# Task to complete:
Output only the stretch of the listing that starts at the line containing "Easy decorative paper" and ends at the line containing "Hawaii Family Matching", reproduced exactly with both ends.

# Input material:

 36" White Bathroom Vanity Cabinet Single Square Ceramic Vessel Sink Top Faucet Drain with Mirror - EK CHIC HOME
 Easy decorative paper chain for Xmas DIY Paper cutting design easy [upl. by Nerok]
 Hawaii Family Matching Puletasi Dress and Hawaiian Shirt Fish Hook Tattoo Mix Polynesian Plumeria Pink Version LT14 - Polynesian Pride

* * *

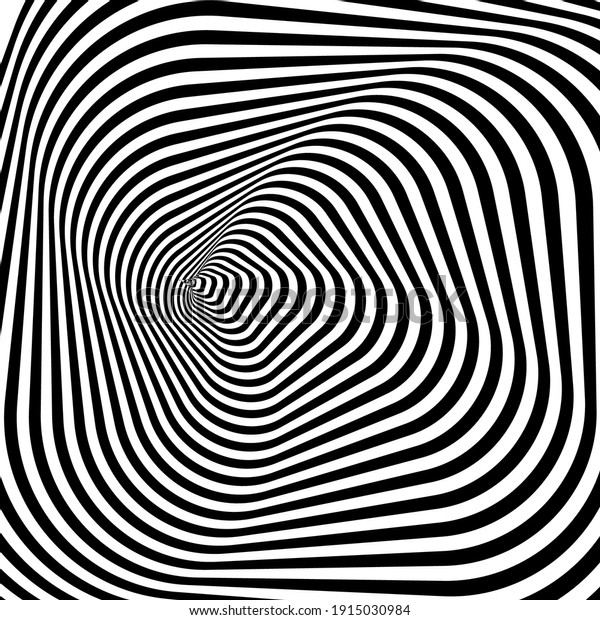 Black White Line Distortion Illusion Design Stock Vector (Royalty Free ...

* * *

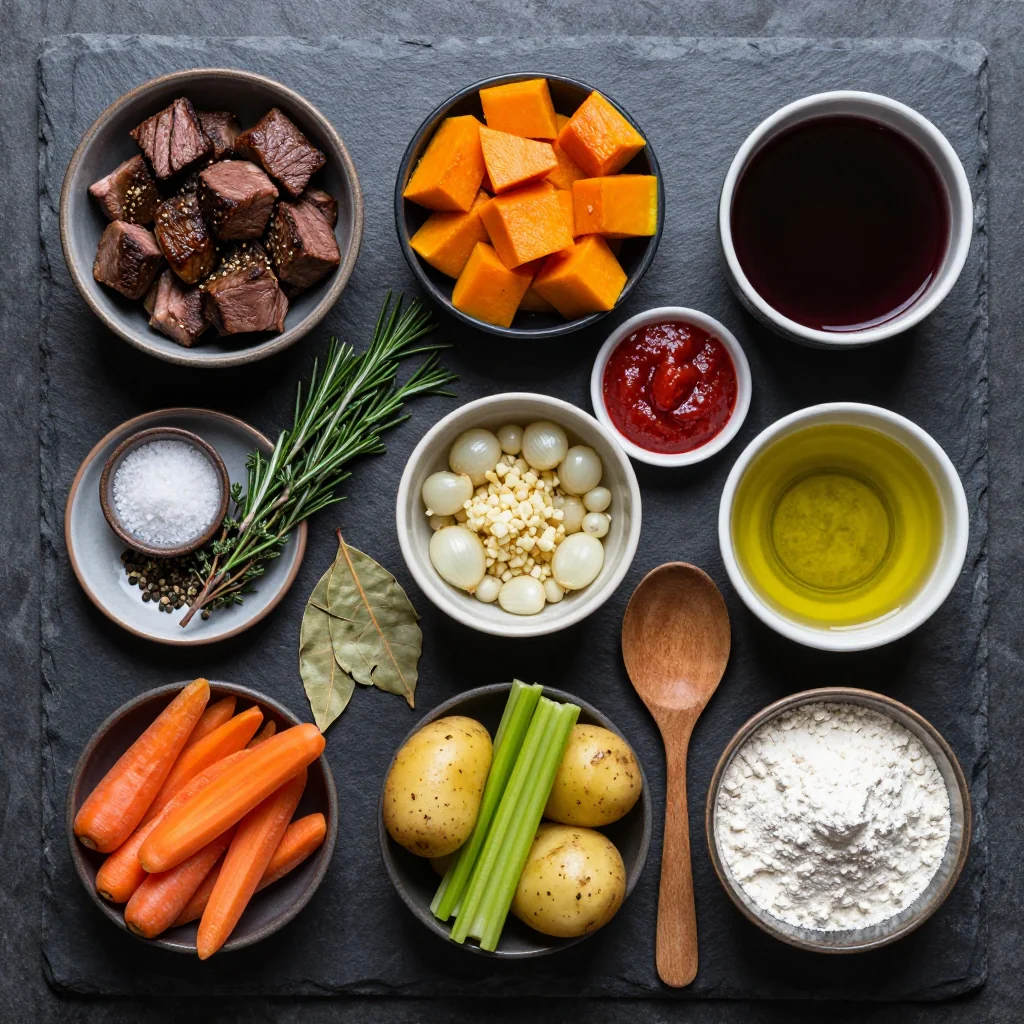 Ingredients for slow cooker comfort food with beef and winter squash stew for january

# Response box:
 Easy decorative paper chain for Xmas DIY Paper cutting design easy [upl. by Nerok]
 Hawaii Family Matching Puletasi Dress and Hawaiian Shirt Fish Hook Tattoo Mix Polynesian Plumeria Pink Version LT14 - Polynesian Pride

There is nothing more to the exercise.